## Records shown
* * *

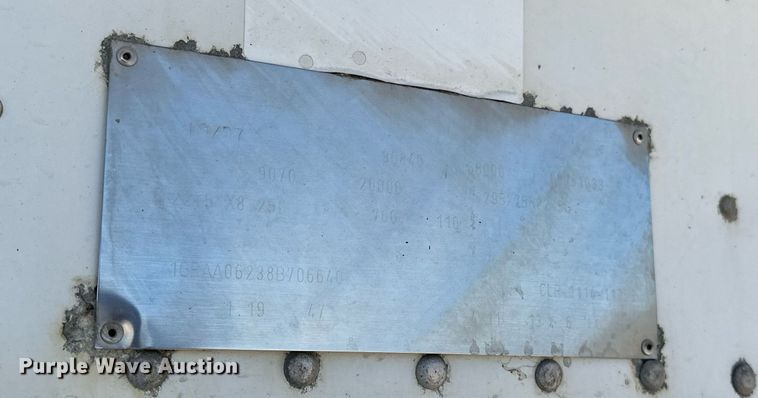 image for item EJ5022 2008 Great Dane refrigerated van trailer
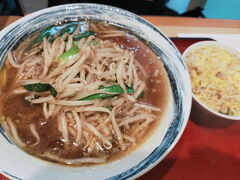 羽田空港第一ターミナル到着　チェックインしてからの腹ごしらえ
　『あずさ』　息子はラーメンチャーハンセット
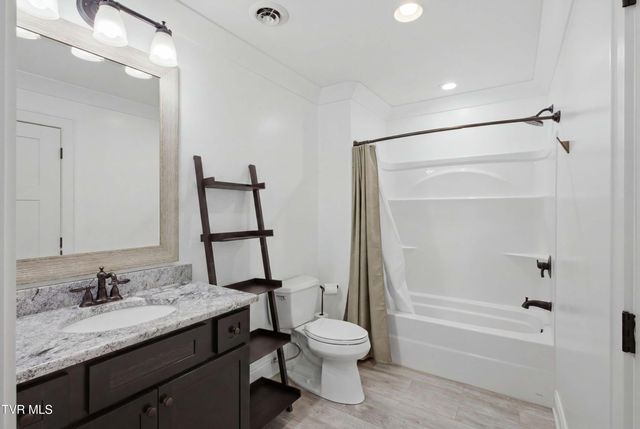 2389 Sawyers Pond Drive, Johnson City, TN 37604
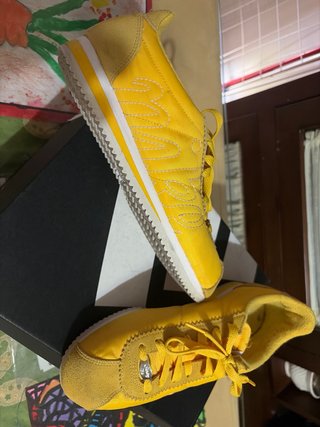 Zapatilla Nike Amarilla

* * *

## Work order
Every line of the records above should be copied exactly, while the pictures are left behind.

## Exercise output
 image for item EJ5022 2008 Great Dane refrigerated van trailer
 羽田空港第一ターミナル到着　チェックインしてからの腹ごしらえ
　『あずさ』　息子はラーメンチャーハンセット
 2389 Sawyers Pond Drive, Johnson City, TN 37604
 Zapatilla Nike Amarilla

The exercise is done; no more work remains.